Raissa, die alternde Witwe, verliebt in den jungen, haltlosen Alexej (Michael Maertens), glaubt, ihren guten Ruf in Zahlung geben zu können. Gudrun Ritter spielt fabelhaft eine launig-vornehme Dame, die ihre Liebessehnsucht hinter der gestrengen Herrin verbirgt, die sie vorkehrt. Wosmibratow, der ehrerbietige, fast untertänige Holzhändler, zahlt mit der Lobpreisung des Herrn auf den Lippen kaltschnäuzig weniger, als vereinbart war. Dietrich Körner stellt einen vierschrötigen Biedermann hin, der raue Gangart im Geschäft mit freundlich-bauernschlauer Verbindlichkeit kaschiert.

Steigerung beim Schacher. Raissas Neffe Gennadi, ein arbeitsloser Schauspieler, nach über einem Jahrzehnt zufällig auf Besuch, nimmt den Kampf mit Wosmibratow auf. Aber die blechernen Theaterorden, die er sich an die Brust heftet, verfehlen ihre Wirkung. Die Argumente des seriösen Herrn, den er vorspielt, erschüttern den Holzhändler wenig. Erst als ihn Gennadi bei der Ehre packt, will Wosmibratow sich nicht lumpen lassen, zieht er, um seiner Entscheidung Nachdruck zu verleihen, pathetisch Stiefel und Jacke aus und reicht das Geld.

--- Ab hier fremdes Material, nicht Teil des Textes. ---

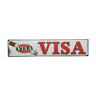 Plaque émaillée cigarettes visa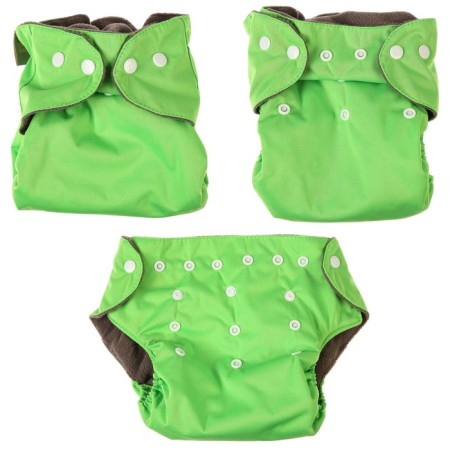 Panties-scammer, reusable, carbon-bamboo fabric, green color, from 0-36 months.-2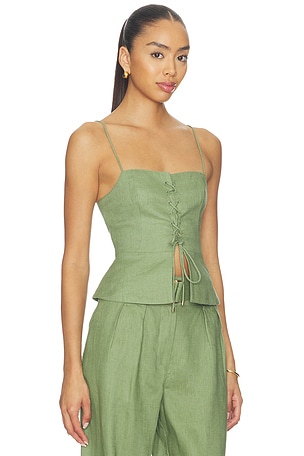 HEVRON Ophelia Top in Sage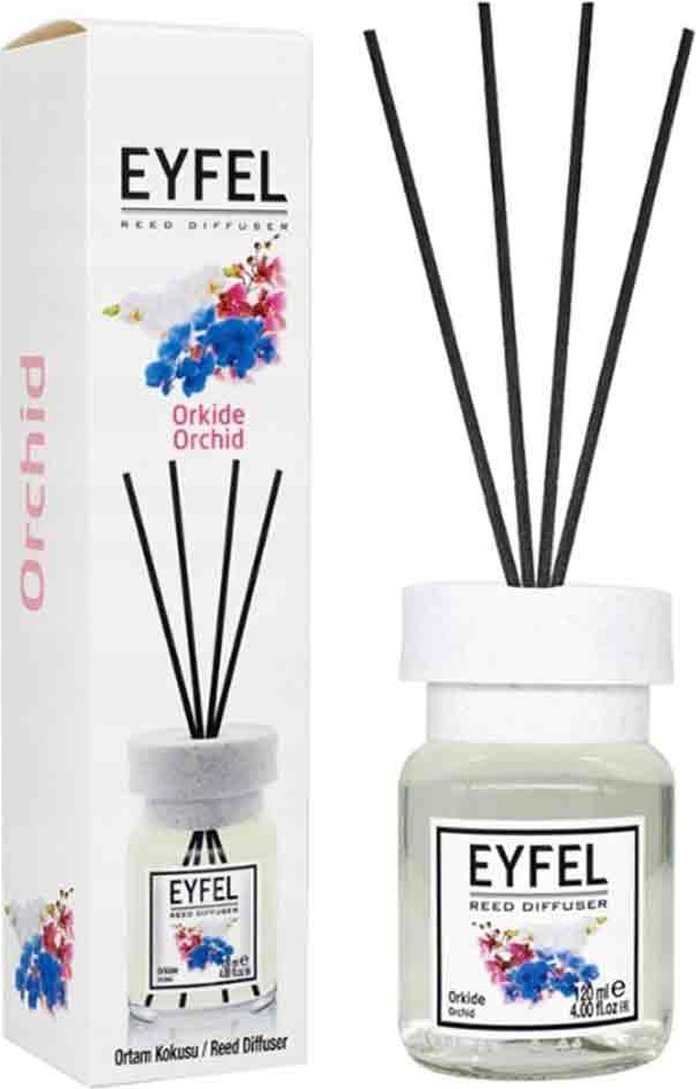 Eyfel Dyfuzor zapachowy z patyczkami Orchidea 120ml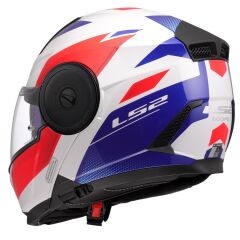 LS2 SCOPE 2 DURIA BEYAZ-MAVİ-KIRMIZI KASK MAVI - L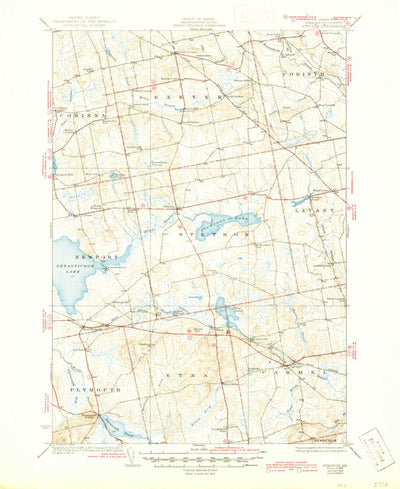 United States Geological Survey Stetson, ME (1935, 62500-Scale) digital map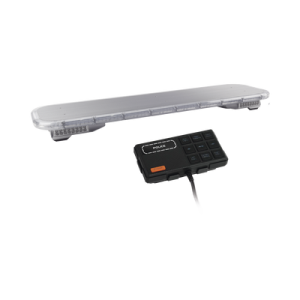 Barra de luces LED de 46" Rojo/Azul/Ambar , De 132 LEDs, Sirena, Bocina y Controlador Incluido, Ideal para Equipar Unidades de Seguridad Publica
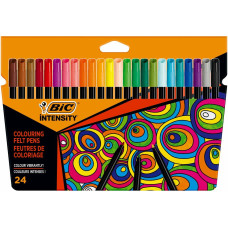 BIC Set of Felt Tip Pens Bic 978035 Black Multicolour (24 Pieces)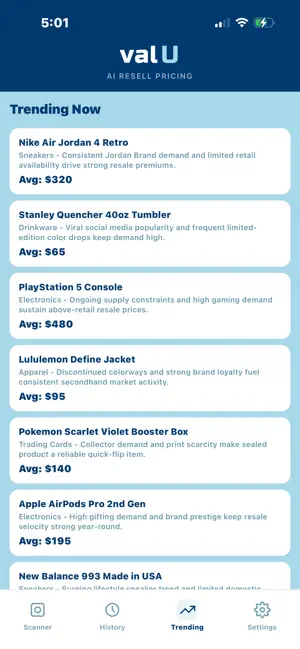valU: Resale Price Scanner screenshot 2
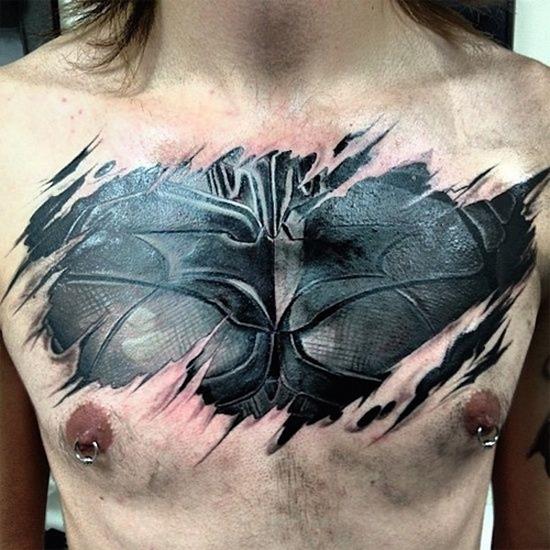 spider web nipple tattoo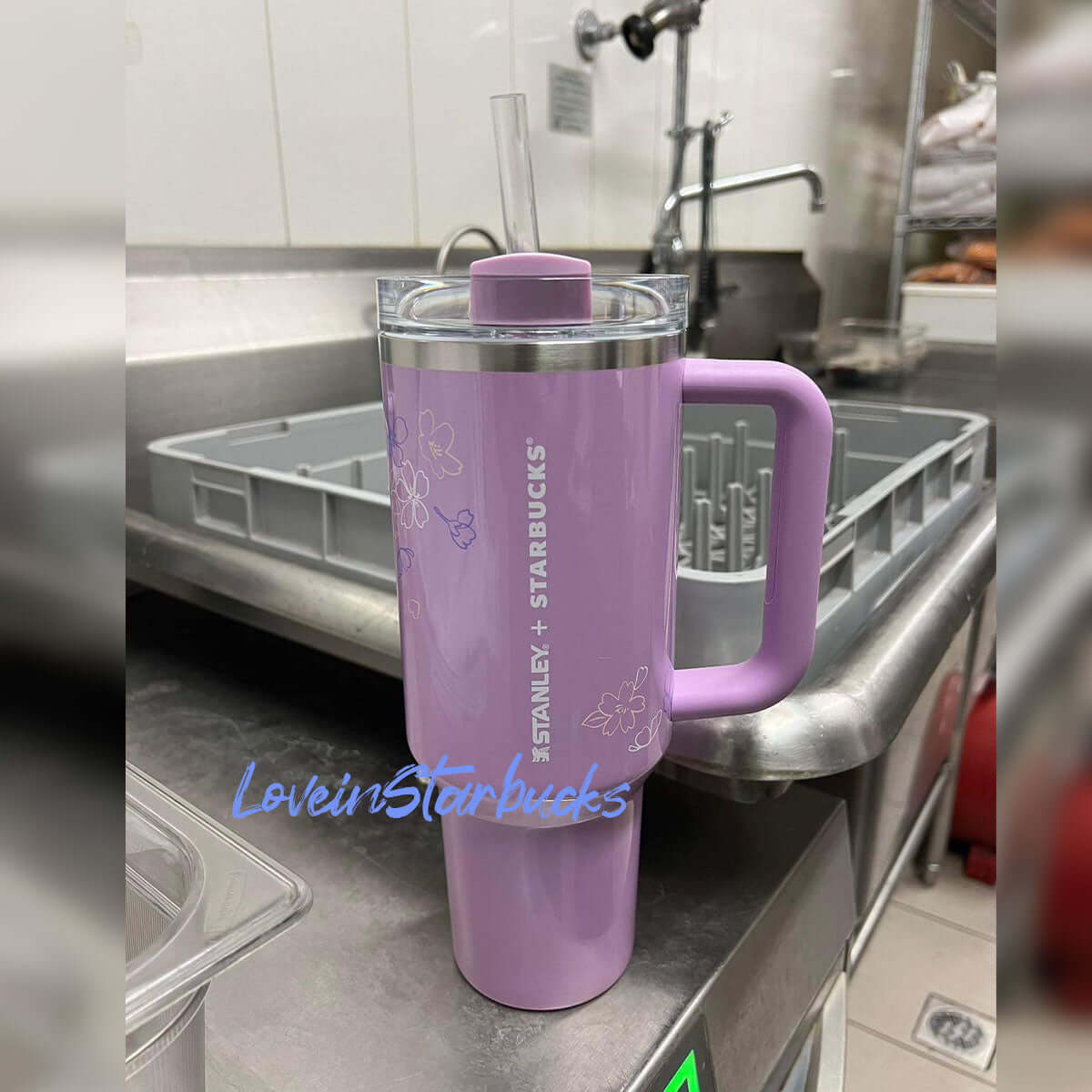 Starbucks Stanley 2024 Philippines Lavender Sakura stainless steel cup 40oz loveinstarbucks loveinstarbucks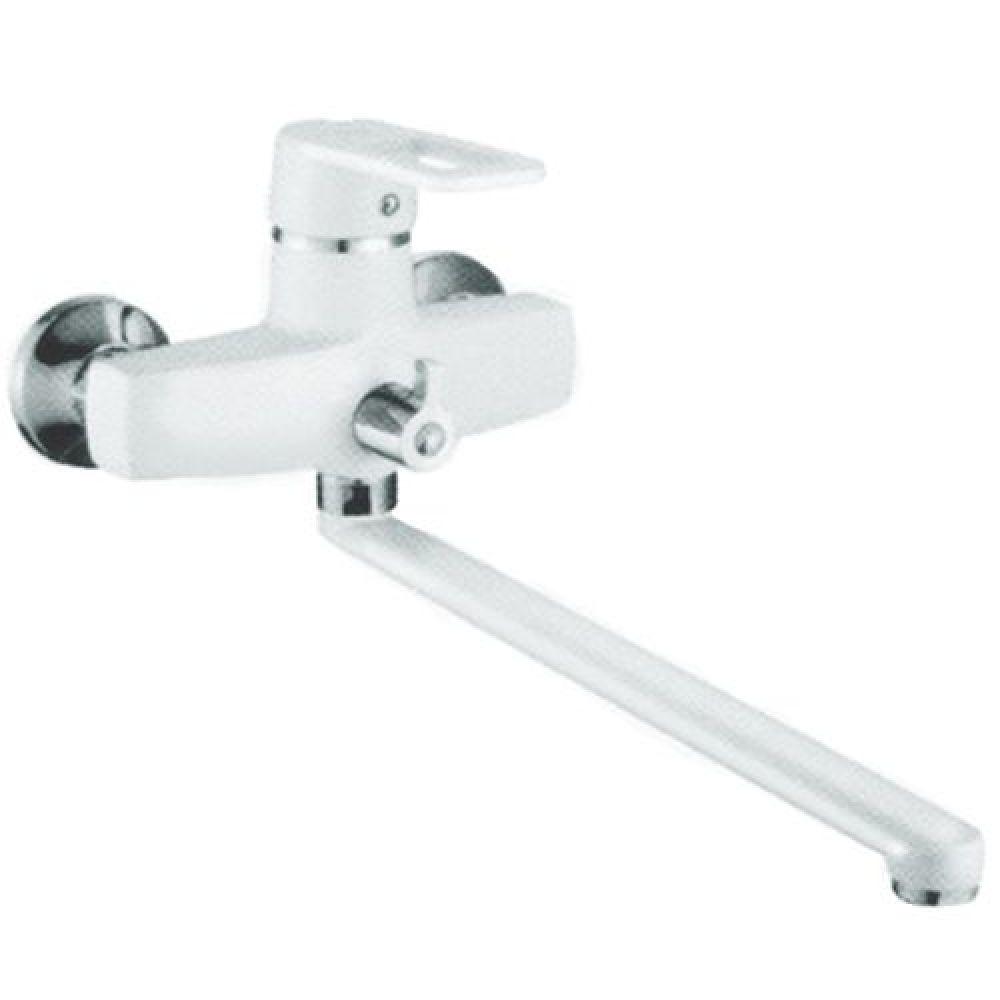 Смеситель для ванны Zerix Z2230-7 euro Белый (19502)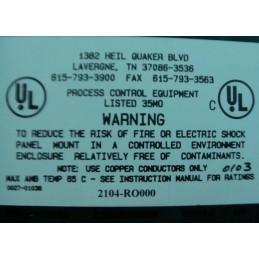 CM3 UNIVERSAL SERVICE CONTROLLER 12-2838-26
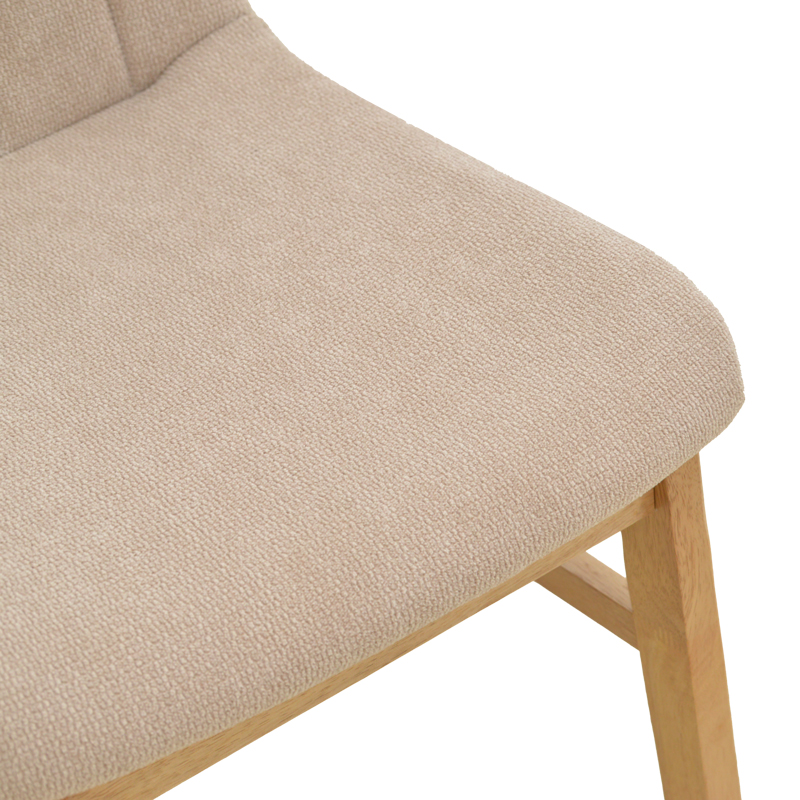 Karrige Dalby pakoworld pëlhurë bezhë sonoma rubberwood 50x45x85.5cm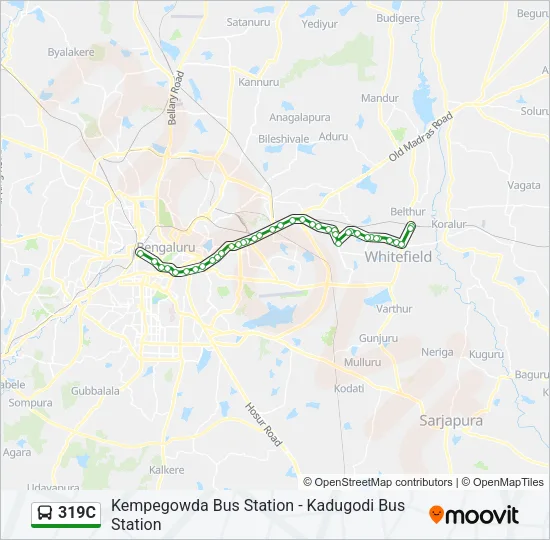 319C Bus Line Map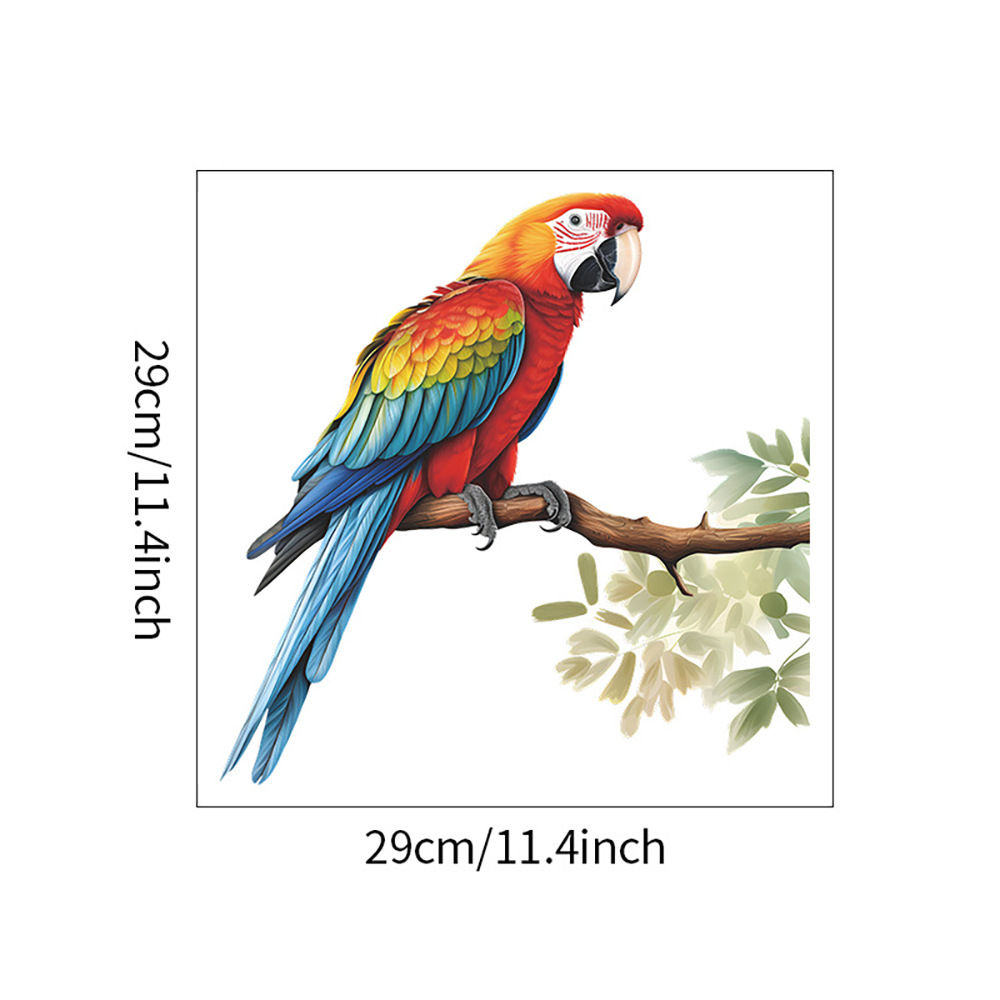 Comercio exterior lindo rama loros niños puerta del dormitorio inodoro decoración del hogar pegatinas de pared pegatinas autoadhesivas al por mayor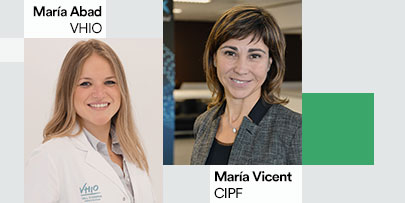 María Abad (VHIO) y María Vicent (CIPF)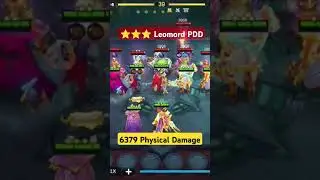 Magic Chess gogo Three star Leomord PDD | Best Strategy 2025#magicchessbestsynergy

Das schauspielerisch exzellent gebotene Spiel ergötzt nicht nur, es nährt den Glauben an die geistige Kraft des Theaters. Langhoff erschließt die realistische Substanz der Komödie. Er verliert sich nicht in Nebensächlichkeiten, er ist immer wesentlich. Welch Reichtum des Lebens. Aber nicht naturalistisch, sondern im Bühnenbild Volker Pfüllers, der einen romantischen Kulissen-Wald aufstellt, immer ein theatralisches Ereignis. Aktuell auch durch diverse kleine Anspielungen, frisch durch gelegentliche Korrespondenz mit den Zuschauern.

Noch eine Steigerung. Gennadi verzichtet auf das Geld, das ihm Raissa schuldete, und das er sich soeben mit Hilfe einer Pistole von ihr zurückgeholt hatte. Er verzichtet, um es der mittellosen Verwandten Axinja (Claudia Geisler) zu geben, die ihren Liebsten, den ungelenken Sohn Wosmibratows (Thomas Bading), nicht heiraten kann, weil dessen Vater störrisch Mitgift verlangt, die Raissa nicht herausrückt. Die uneigennützige Hilfe des Schauspielers ist nicht nur großmütig, sie ist eine Anklage gegen alle Geizlinge. Langhoff arrangiert beredt. Und Grashof spielt hinreißend.

Das ist ein besonderer Gewinn des Abends: Christian Grashof wieder auf der Bühne des Deutschen Theaters. Dieser unnachahmliche Charakterspieler war in letzter Zeit einem manierierten Predigerton verfallen, der ihn als Faust im Schiller Theater geradezu paralysierte. Jetzt führt Langhoff den herrlichen Tragöden zu sich selbst zurück. Grashof ist wieder unmittelbar, zeichnet direkt und zugleich diskret ironisch den armen, unverdrossenen Gennadi, dessen Künstler-Ethik der Geldgesellschaft überlegen ist.

Aus dem erstrangigen Ensemble zu erwähnen noch Ignaz Kirchner als Schauspieler Arkadi, Horst Lebinsky als Lakai Karp und Bärbel Bolle als Haushälterin Ulita. Ein Abend großartigen Theaters, wie es dieser traditionsreichen Bühne angemessen ist.